A farmer has been handed a €1,500 fine and ordered to pay prosecution costs of €1,500 for breaches of health and safety legislation.
The case was brought before Judge Geraldine Carthy at Carlow District Court yesterday (Thursday, July 2nd).
The farmer pleaded guilty to Regulation 6 (1) (b) of the Safety, Health & Welfare at Work (Construction) Regulations 2013, as it relates to Section 77 (2) (c) of the Safety, Health and Welfare at Work Act 2005.
The prosecution arose after an accident that occurred on the November 23rd, 2018 on a farm building under construction near Tullow, Co. Carlow.
The court heard that a self-employed roofing contractor suffered personal injuries when he fell approximately 22 feet whilst installing roof sheets on the agricultural building under construction without any fall protection or fall prevention measures in place.
The farmer pleaded guilty to the charge, in that he failed to appoint a Project Supervisor Construction Stage (PSCS).
The role of a Project Supervisor Construction Stage is to coordinate the various construction work activities in such a way as to ensure the safety of all persons on site and compliance with the Safety, Health and Welfare at Work (Construction) Regulations 2013, the HSA said.

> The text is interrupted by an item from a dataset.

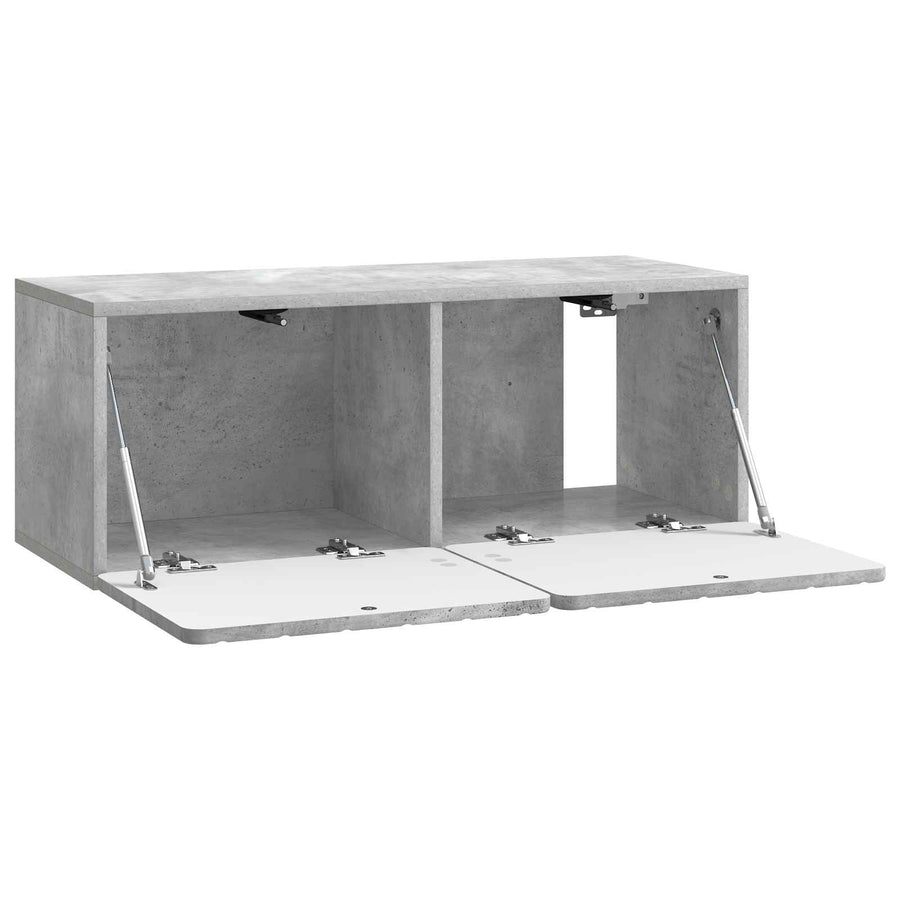 Wandbeugel TV-kast Betongrijs 78,5 x 31 x 30 cm Bewerkt hout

A particular requirement is to develop the Construction Stage Safety and Health Plan with specific measures concerning work that involves particular risk such as working at a height/roof work.
Additional requirements include the coordination of contractors’ safe working procedures and ensuring all persons on site are in possession of a valid Construction Safety Awareness Registration Card (Safe Pass) and, where required, a Construction Skills Registration Card Scheme Card (CSCS).
Taking appropriate safety measures
Mark Cullen, assistant chief executive of the Health and Safety Authority, said that this particular case highlighted the importance of taking the appropriate safety measures.
“The self-employed roofing contractor suffered very serious injuries following an incident which could have been prevented if the appropriate steps were taken by the client.”
“I strongly urge all clients and duty holders to prioritise safety on-site and ensure the necessary planning is undertaken and the required precautions are in place.”
“Failure to do so in this situation led to very serious consequences for the worker concerned,” Cullen concluded.